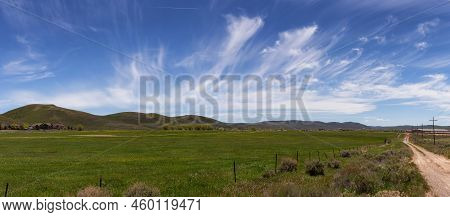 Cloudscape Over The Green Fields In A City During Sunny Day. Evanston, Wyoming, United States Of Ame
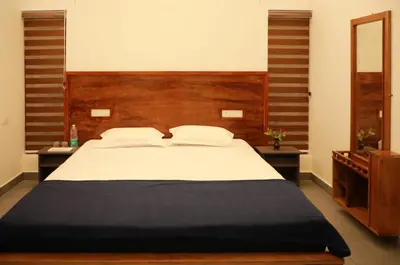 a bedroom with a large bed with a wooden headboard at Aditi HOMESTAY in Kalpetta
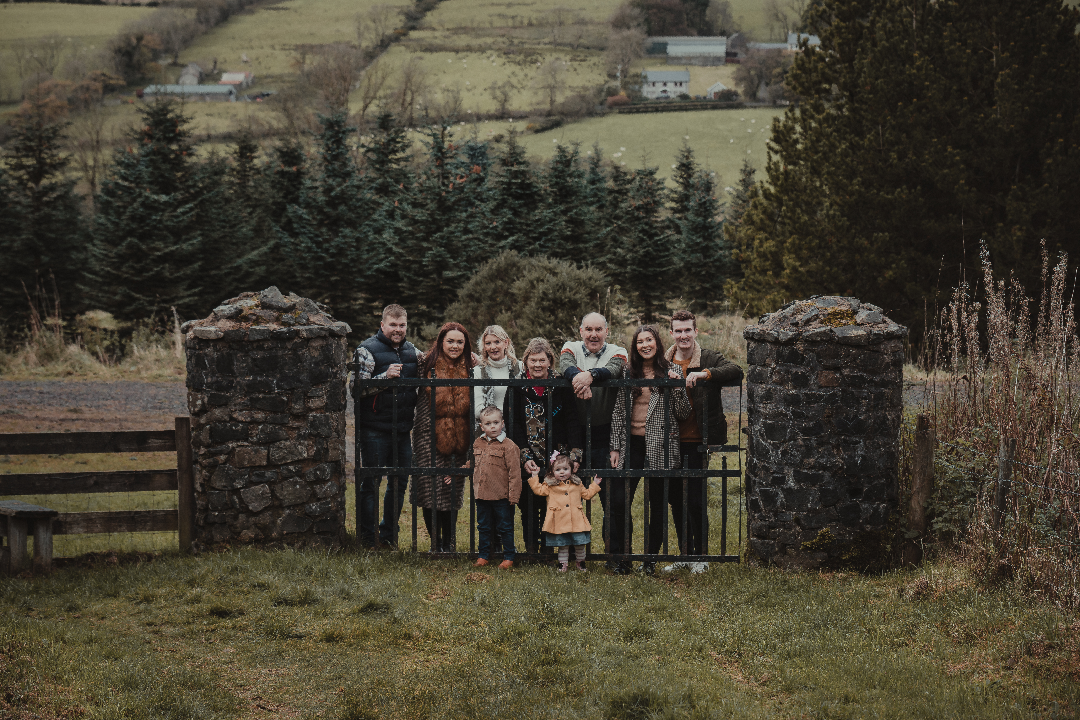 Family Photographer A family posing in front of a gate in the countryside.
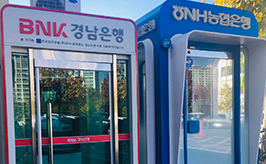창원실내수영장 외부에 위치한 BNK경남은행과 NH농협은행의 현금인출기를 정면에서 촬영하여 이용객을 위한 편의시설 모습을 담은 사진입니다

...

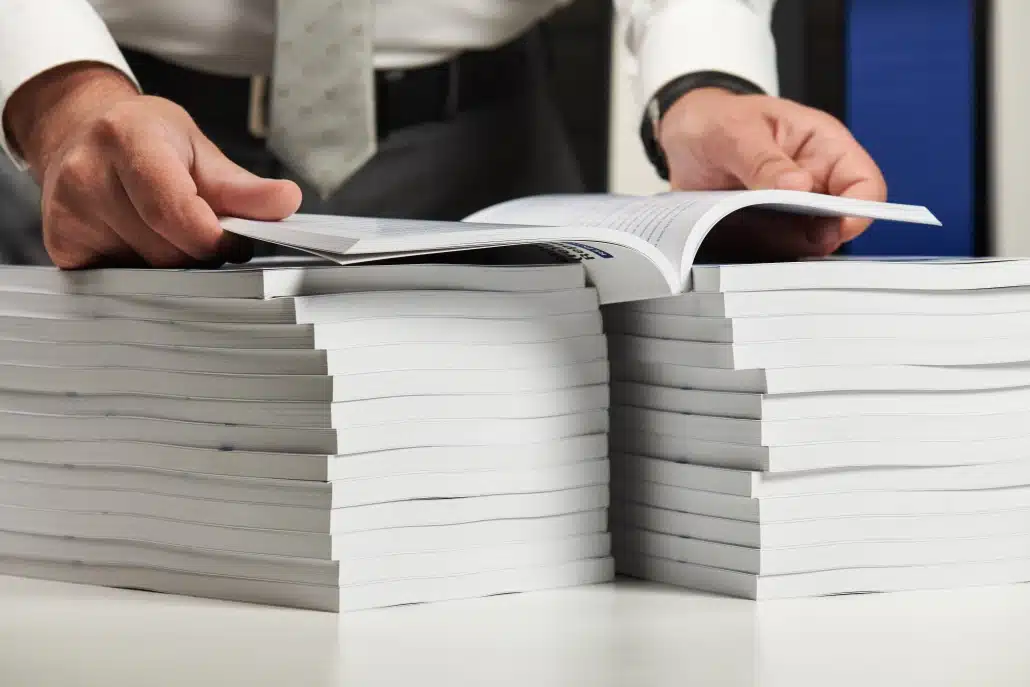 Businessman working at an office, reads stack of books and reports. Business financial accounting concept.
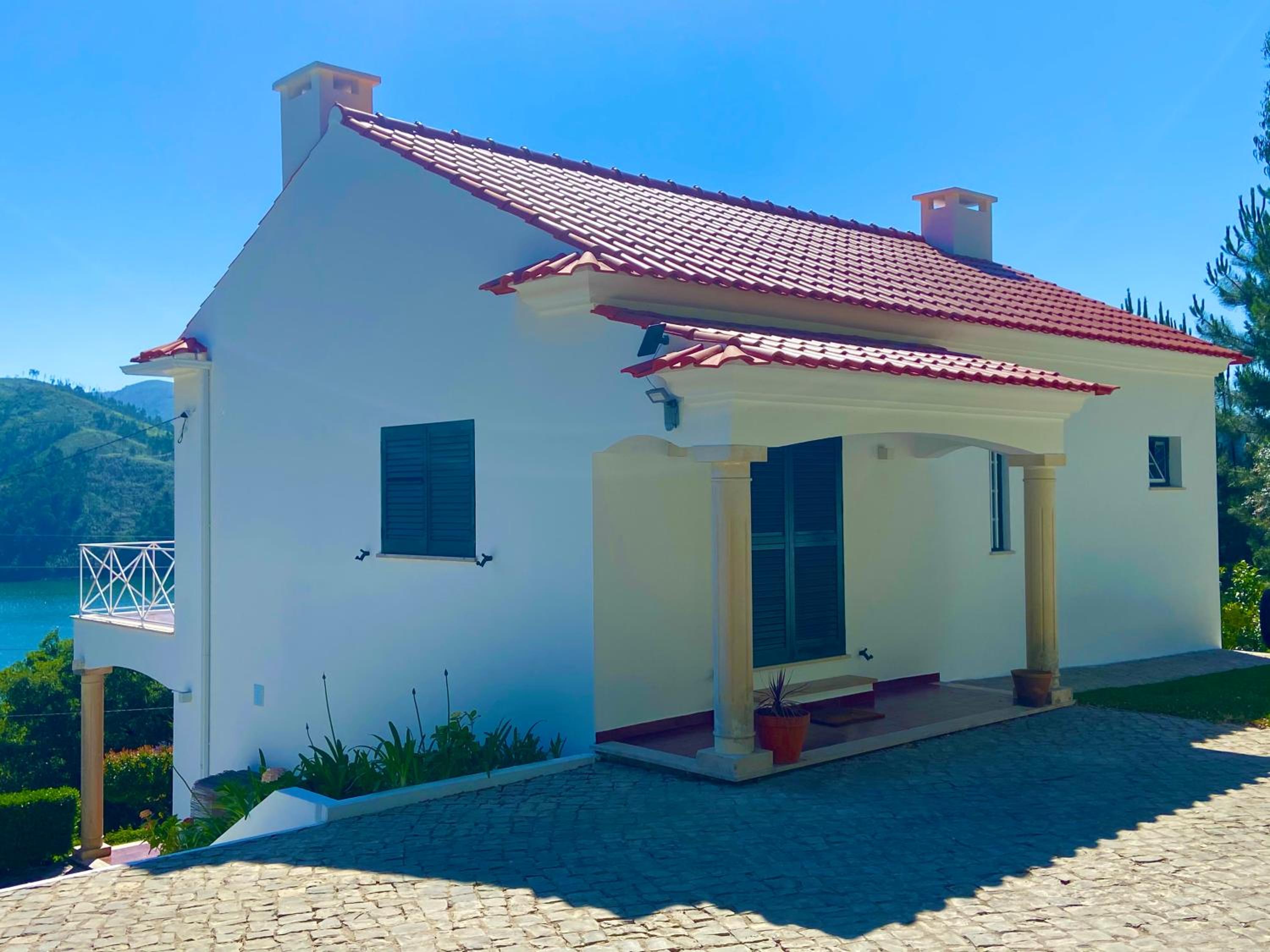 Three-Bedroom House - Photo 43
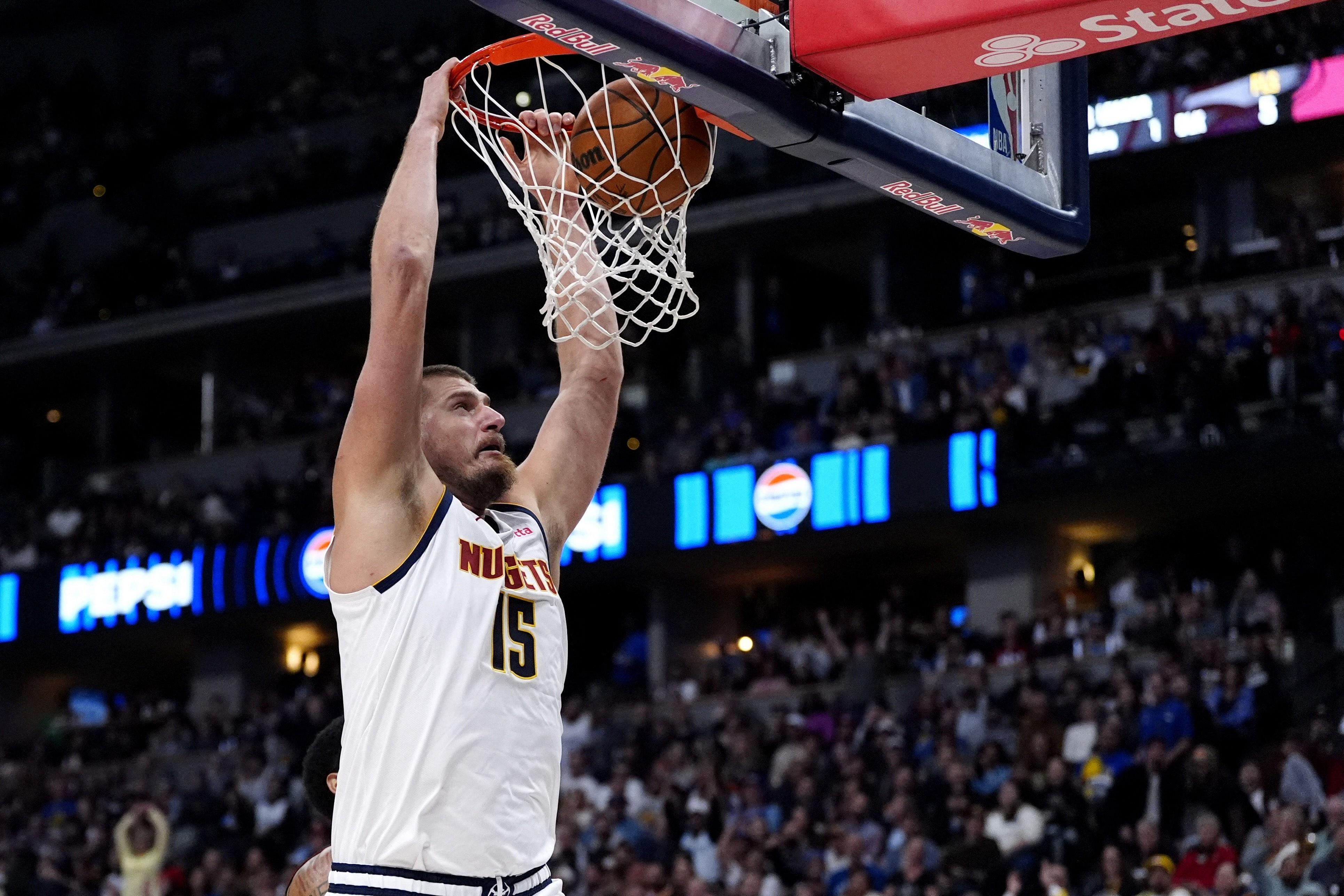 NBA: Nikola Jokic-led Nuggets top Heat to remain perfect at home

### AIM OF THE EXERCISE
Repeat the lines above exactly, beginning with the one containing "Cloudscape Over The" and finishing with the one containing "창원실내수영장 외부에 위치한". No pictures belong in the copy.

### RESULT
 Cloudscape Over The Green Fields In A City During Sunny Day. Evanston, Wyoming, United States Of Ame
 a bedroom with a large bed with a wooden headboard at Aditi HOMESTAY in Kalpetta
 Family Photographer A family posing in front of a gate in the countryside.
창원실내수영장 외부에 위치한 BNK경남은행과 NH농협은행의 현금인출기를 정면에서 촬영하여 이용객을 위한 편의시설 모습을 담은 사진입니다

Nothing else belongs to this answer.